**What the task asks:** If an entry holds a picture, leave that picture out and reproduce everything else exactly.

**Dataset records:**
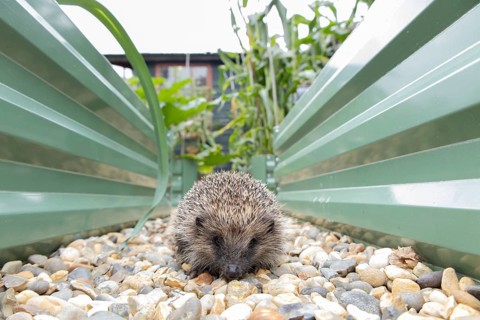 European hedgehog (Erinaceus europaeus) adult animal walking on a garden shingle path between two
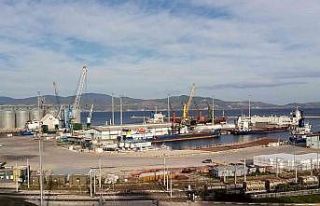 Hayvan yüklü gemi iki saatte tahliye edildi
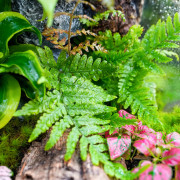 Planted Terrarium 30x30x60 – Artificial Rocks | JungleBox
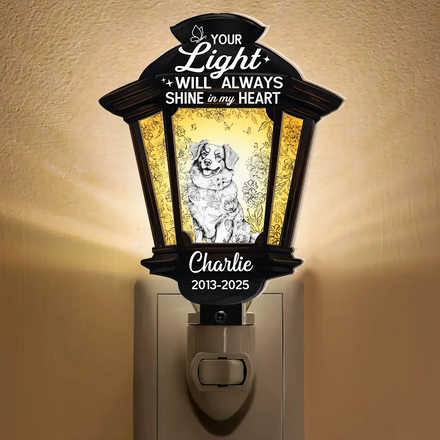 Chinoiserie Toile Dog Your Light Will Always Shine - Personalized Plug-in Night Light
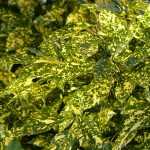 ¿Has dicho "pasados de moda"?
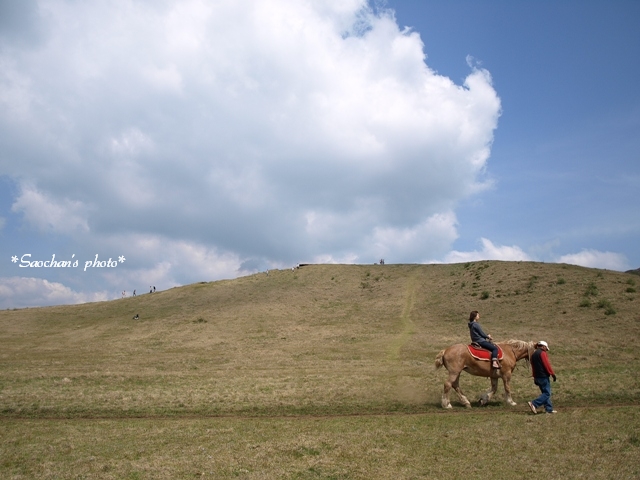 c0157624_041772.jpg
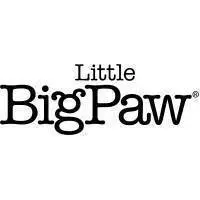 Little Big Paw 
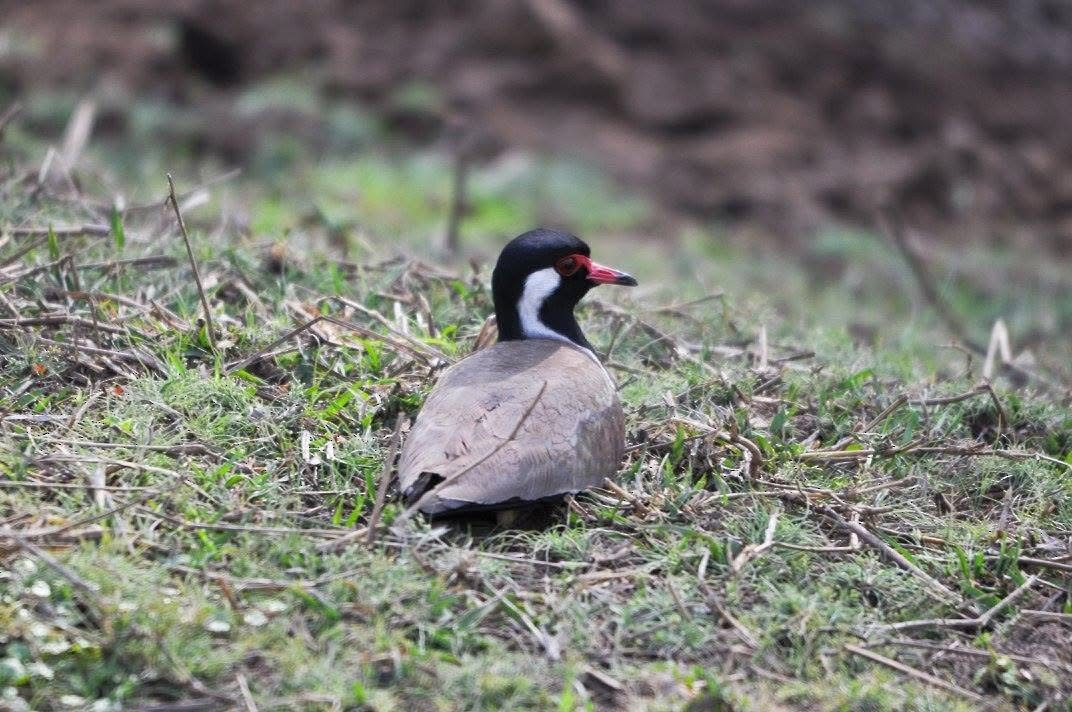 Red-wattled Lapwing - ML646344607
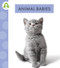 Animal Babies by Anastasia Suen, 9781681527765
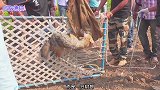 小哥费了九牛二虎之力，将一只豺狼抓住，没想到豺狼最后直接跑了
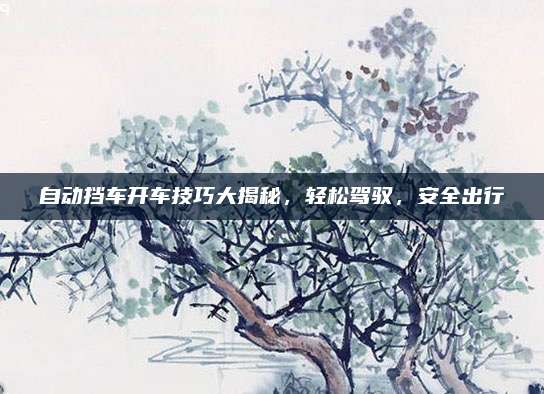 自动挡车开车技巧大揭秘,轻松驾驭,安全出行
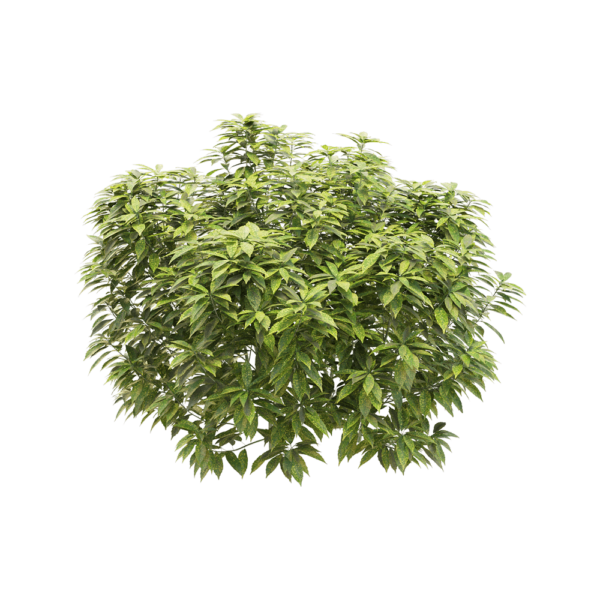 Ancuba japonica洒金珊瑚 花叶青木3D模型（OBJ,FBX,MAX）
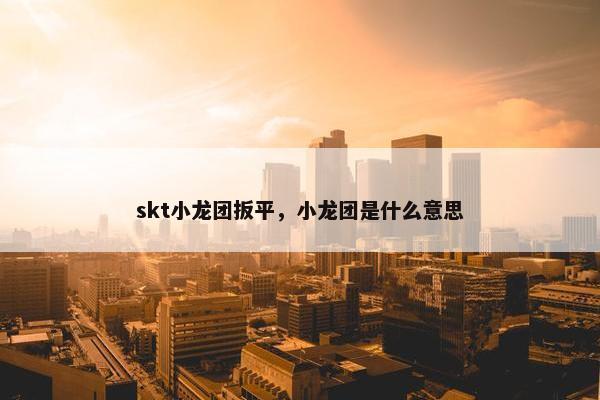 skt小龙团扳平，小龙团是什么意思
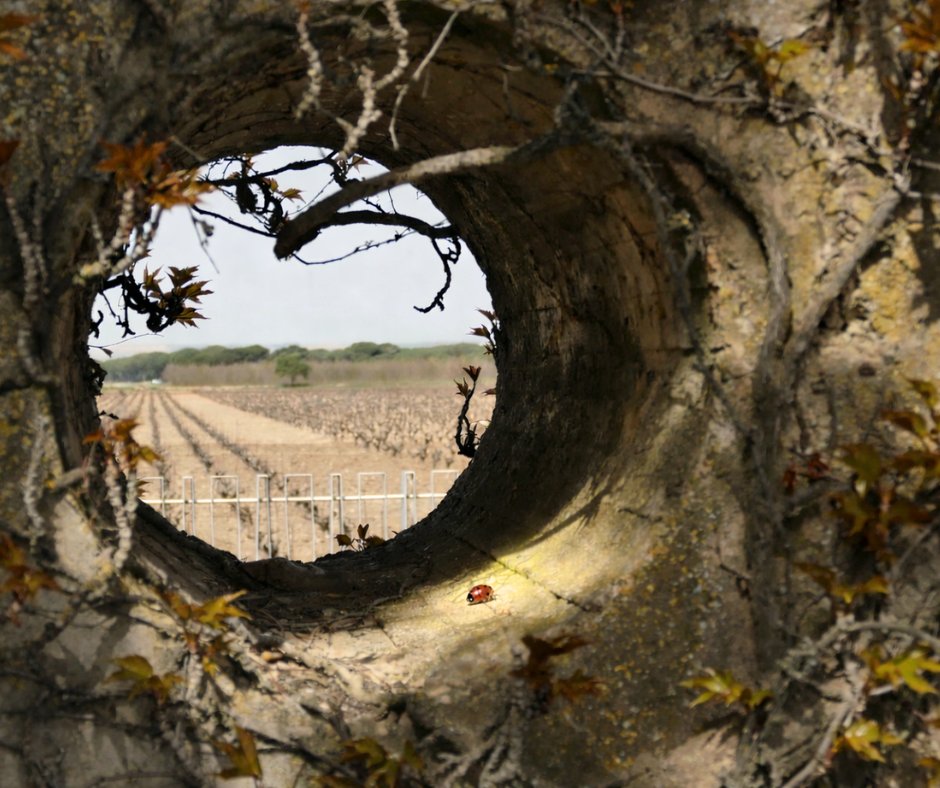 Ribera Del Duero tweet media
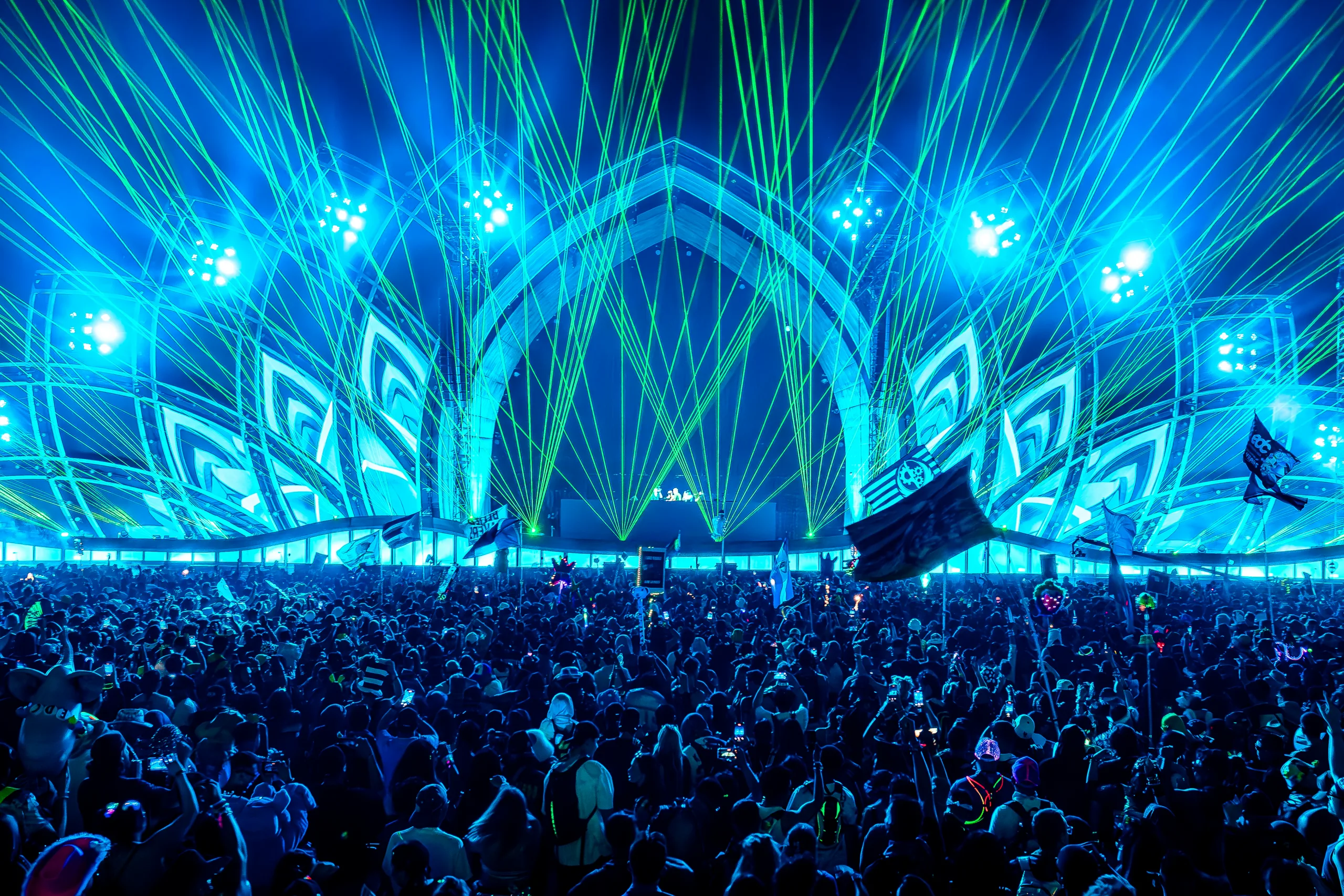 cosmic meadow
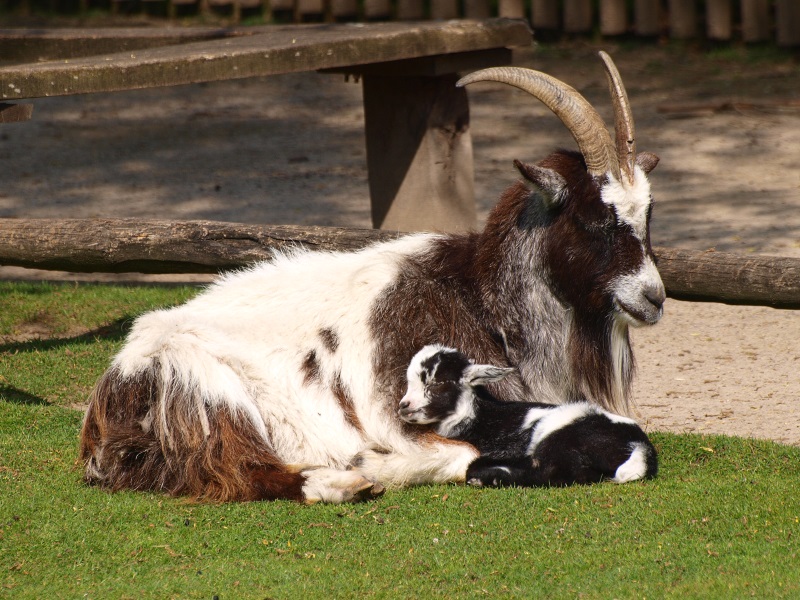 Dutch Landrace goat (May 2nd, 2015)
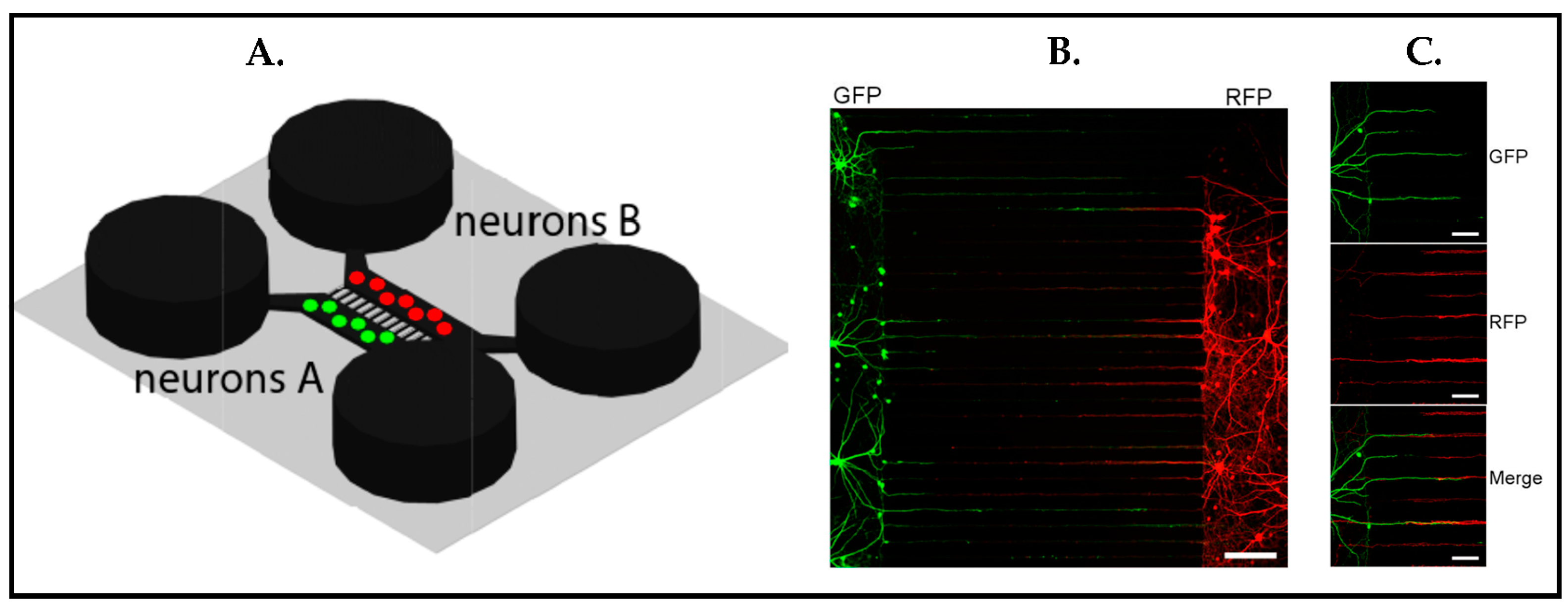 Biosensors 13 00551 g018
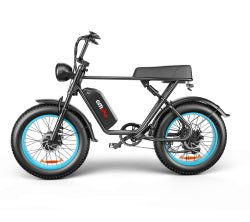 C91 Dual-Drive Electric Bike | 48V 2000W | Fat Tire | Cree8 Peace - Cree8 Peace-E bike_#original_value#-2000W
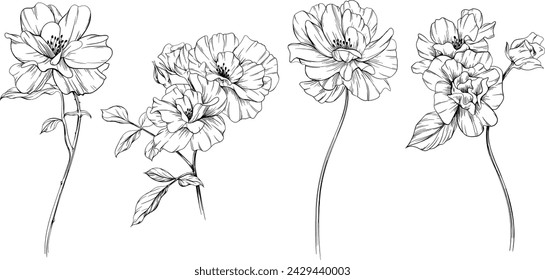 Wild rose flower isolated on white set. Hand drawn vintage illustration collection.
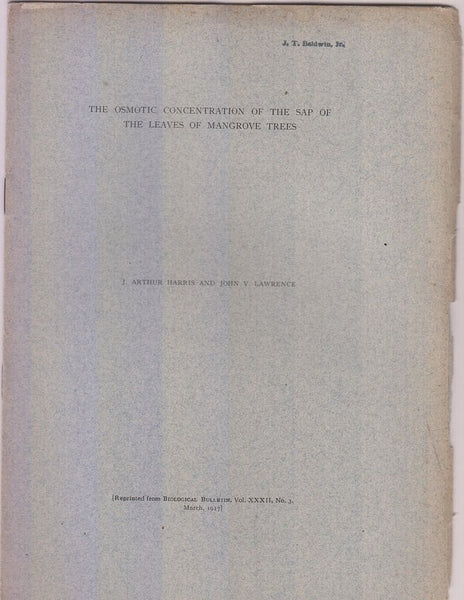 The Osmotic Concentration of the Sap of the leaves of Mangrove Trees  by Harris, J. Arthur, John V. Lawrence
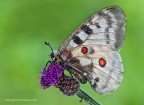 Parnassius apollo - farfalla apollo (Parnassius apollo)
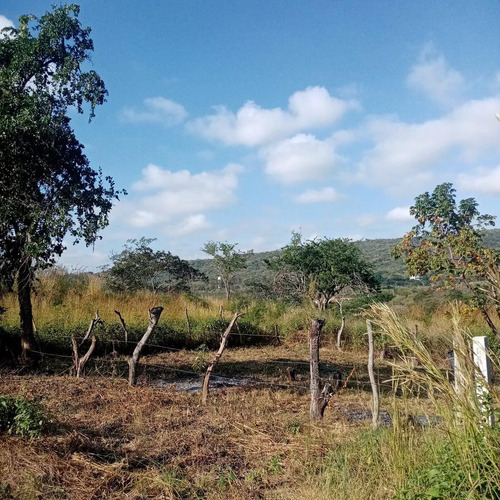 Terreno En Venta En El Sabino Al Norte Poniente De Berriozábal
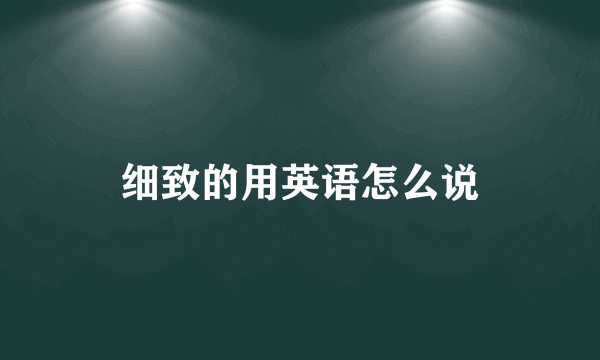 细致的用英语怎么说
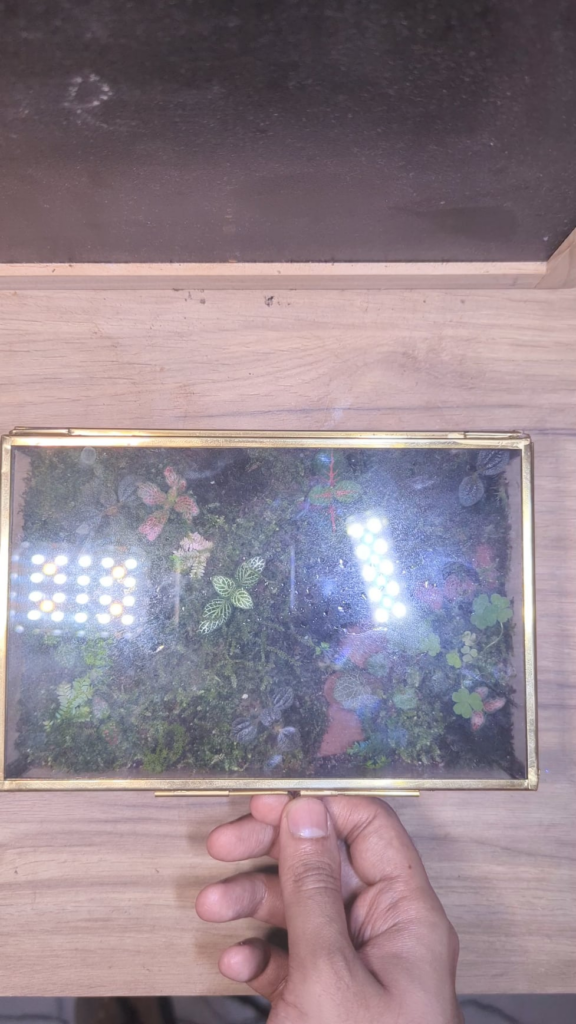 1 month old landscape in a jewellery box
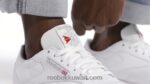 FTWWR أبيض / رمادي نقي 3 / ريبوك صمغ مطاطي -03 أحذية جلدية كلاسيكية Reebok 0NZ0F26 - Image 2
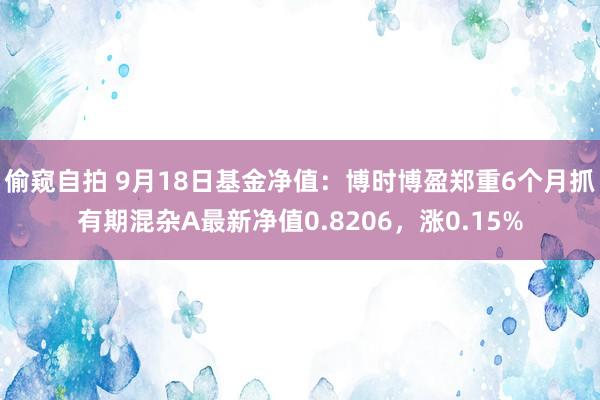 偷窥自拍 9月18日基金净值：博时博盈郑重6个月抓有期混杂A最新净值0.8206，涨0.15%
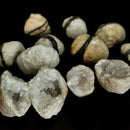 Quartz Geode - Mini (Cracked) - Raw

**Exercise result:**
 European hedgehog (Erinaceus europaeus) adult animal walking on a garden shingle path between two
 Hayvan yüklü gemi iki saatte tahliye edildi
 Planted Terrarium 30x30x60 – Artificial Rocks | JungleBox
 Chinoiserie Toile Dog Your Light Will Always Shine - Personalized Plug-in Night Light
 ¿Has dicho "pasados de moda"?
 c0157624_041772.jpg
 Little Big Paw 
 Red-wattled Lapwing - ML646344607
 Animal Babies by Anastasia Suen, 9781681527765
 小哥费了九牛二虎之力，将一只豺狼抓住，没想到豺狼最后直接跑了
 自动挡车开车技巧大揭秘,轻松驾驭,安全出行
 Ancuba japonica洒金珊瑚 花叶青木3D模型（OBJ,FBX,MAX）
 skt小龙团扳平，小龙团是什么意思
 Ribera Del Duero tweet media
 cosmic meadow
 Dutch Landrace goat (May 2nd, 2015)
 Biosensors 13 00551 g018
 C91 Dual-Drive Electric Bike | 48V 2000W | Fat Tire | Cree8 Peace - Cree8 Peace-E bike_#original_value#-2000W
 Wild rose flower isolated on white set. Hand drawn vintage illustration collection.
 The Osmotic Concentration of the Sap of the leaves of Mangrove Trees  by Harris, J. Arthur, John V. Lawrence
 Parnassius apollo - farfalla apollo (Parnassius apollo)
 Terreno En Venta En El Sabino Al Norte Poniente De Berriozábal
 细致的用英语怎么说
 1 month old landscape in a jewellery box
 FTWWR أبيض / رمادي نقي 3 / ريبوك صمغ مطاطي -03 أحذية جلدية كلاسيكية Reebok 0NZ0F26 - Image 2
 偷窥自拍 9月18日基金净值：博时博盈郑重6个月抓有期混杂A最新净值0.8206，涨0.15%
 Quartz Geode - Mini (Cracked) - Raw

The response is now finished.